- [GIVEN RECORDS]:
>>>>

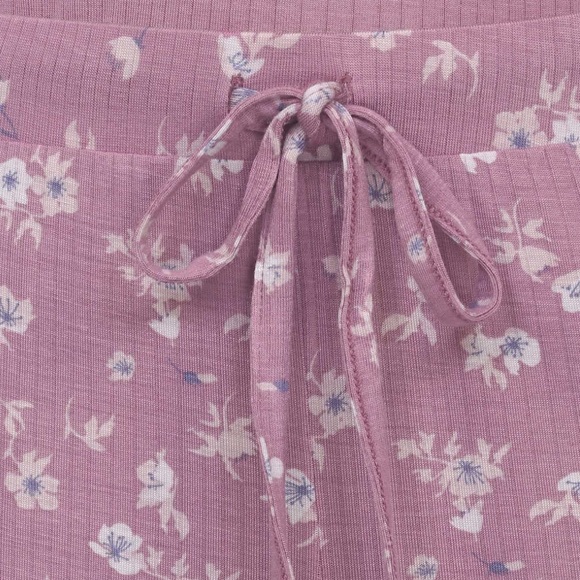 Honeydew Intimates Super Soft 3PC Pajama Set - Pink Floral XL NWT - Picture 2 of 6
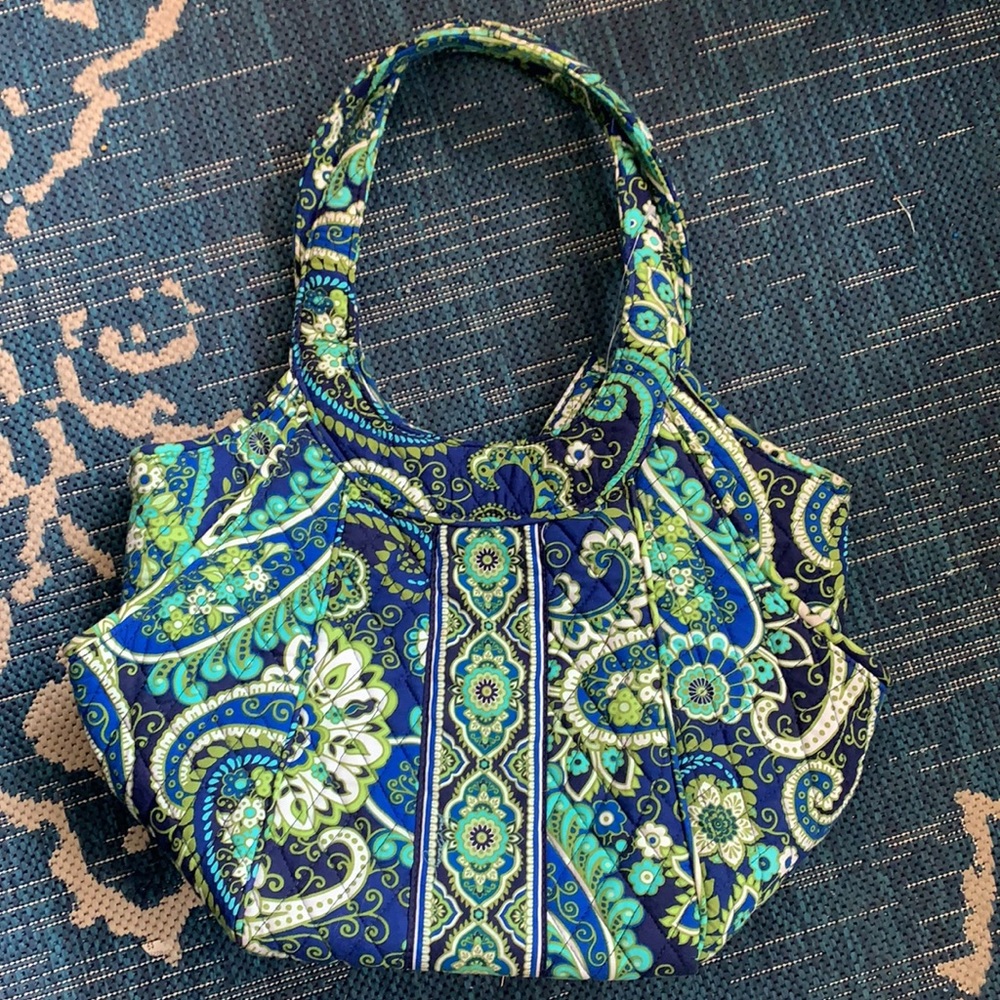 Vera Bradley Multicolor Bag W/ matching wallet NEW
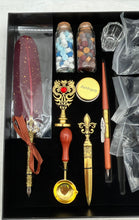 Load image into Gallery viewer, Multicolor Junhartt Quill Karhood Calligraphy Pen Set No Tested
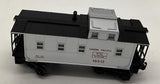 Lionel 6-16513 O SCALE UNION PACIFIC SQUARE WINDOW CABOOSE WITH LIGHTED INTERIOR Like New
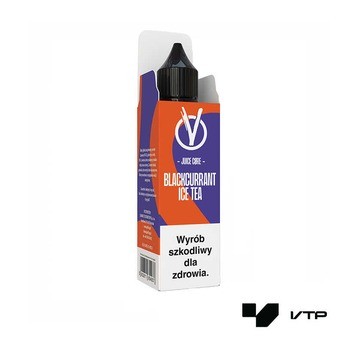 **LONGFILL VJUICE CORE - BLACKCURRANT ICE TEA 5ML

<<<<

- [ASSIGNED TASK]: Output each line above exactly as it stands, omitting the pictures.

- [SOLUTION FOR THIS PROBLEM]:
 Honeydew Intimates Super Soft 3PC Pajama Set - Pink Floral XL NWT - Picture 2 of 6
 Vera Bradley Multicolor Bag W/ matching wallet NEW
 Load image into Gallery viewer, Multicolor Junhartt Quill Karhood Calligraphy Pen Set No Tested
 Lionel 6-16513 O SCALE UNION PACIFIC SQUARE WINDOW CABOOSE WITH LIGHTED INTERIOR Like New
 **LONGFILL VJUICE CORE - BLACKCURRANT ICE TEA 5ML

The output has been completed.